Former Intel CEO Pat Gelsinger reinvents himself as an angel investor in AI startup Fractile
Former Intel CEO Pat Gelsinger reinvents himself as an angel investor in AI startup Fractile
The British startup, backed by $15M in funding, aims to revolutionize low-cost AI inferencing with innovative chip technology.
Pat Gelsinger, until recently the CEO of Intel, has transitioned into the role of angel investor. In a post on his X account, Gelsinger announced his participation in a Seed funding round for a British artificial intelligence chip startup called Fractile.ai. To date, the startup has raised capital from the British innovation authorities and secured $15 million from several venture capital funds, including the NATO Innovation Fund.
Ironically, Fractile.ai operates in a sector where Intel struggled to establish a significant presence and compete with Nvidia. The startup's founding team and senior employees include veterans of Nvidia and Arm—two companies that have outpaced Intel in developing chips for artificial intelligence applications.
“Having looked at many approaches to AI acceleration, the increasing and what will be dominance of low-cost inferencing is... aiming ahead of where AI is today. We need orders of magnitude cost and power reductions to make AI useful at scale.
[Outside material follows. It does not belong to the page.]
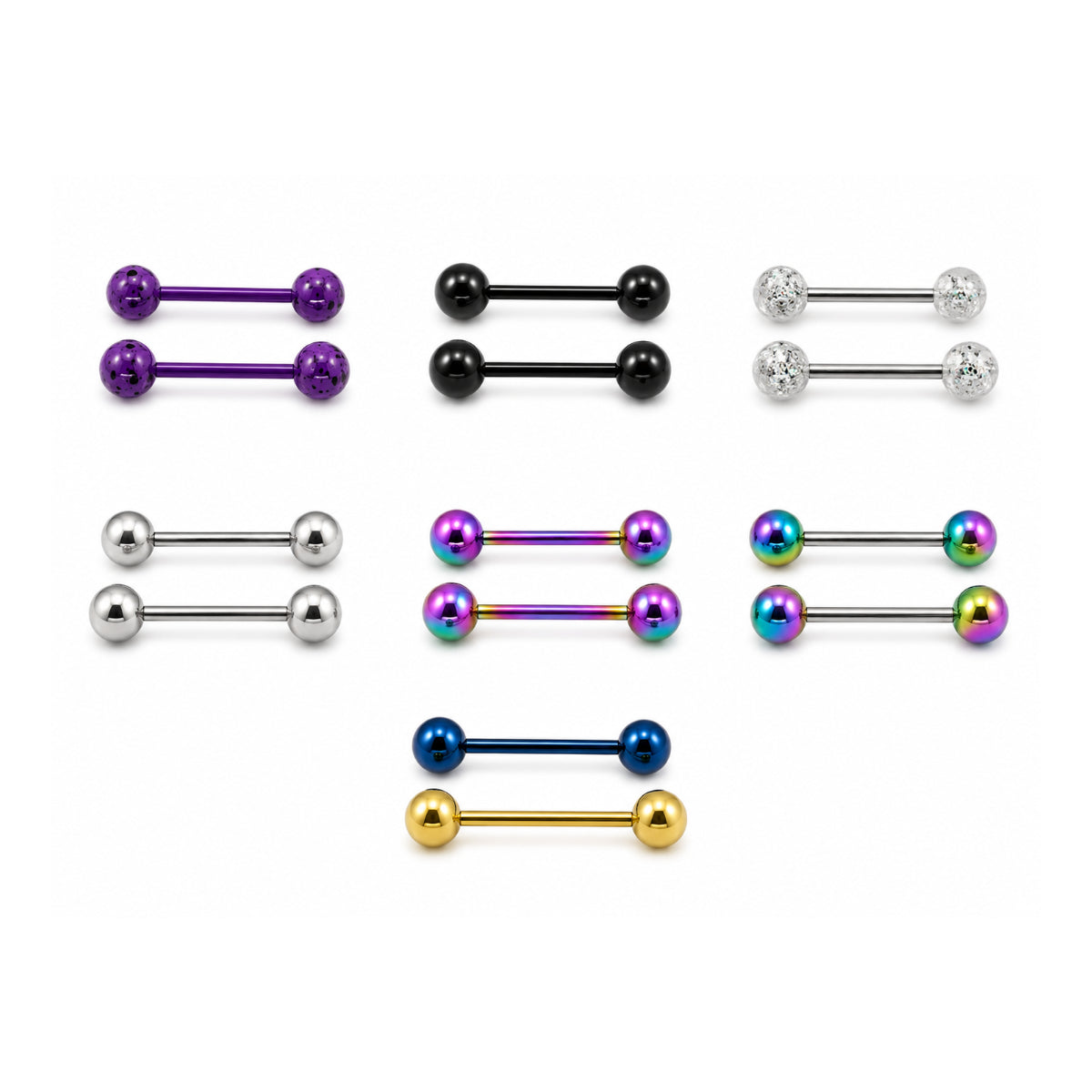 2 Pack Coloured Barbells 12mm & 14mm Tongue & Nipple  Bars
No approach has me more enthused than Fractile.ai, which is tackling in memory compute and leveraging semiconductors circuits in powerful ways,” Gelsinger wrote. “In fact, some of my ideas I was exploring in my graduate work of four decades ago might finally come to mainstream AI computing!”
Gelsinger’s departure from Intel at the end of 2024 followed his inability to turn around the processor giant. His ambitious plans to revitalize Intel through advanced manufacturing and AI technologies struggled to materialize, prompting the company to focus on strategic realignments that resulted in large-scale layoffs and delays in factory projects in Europe and Asia.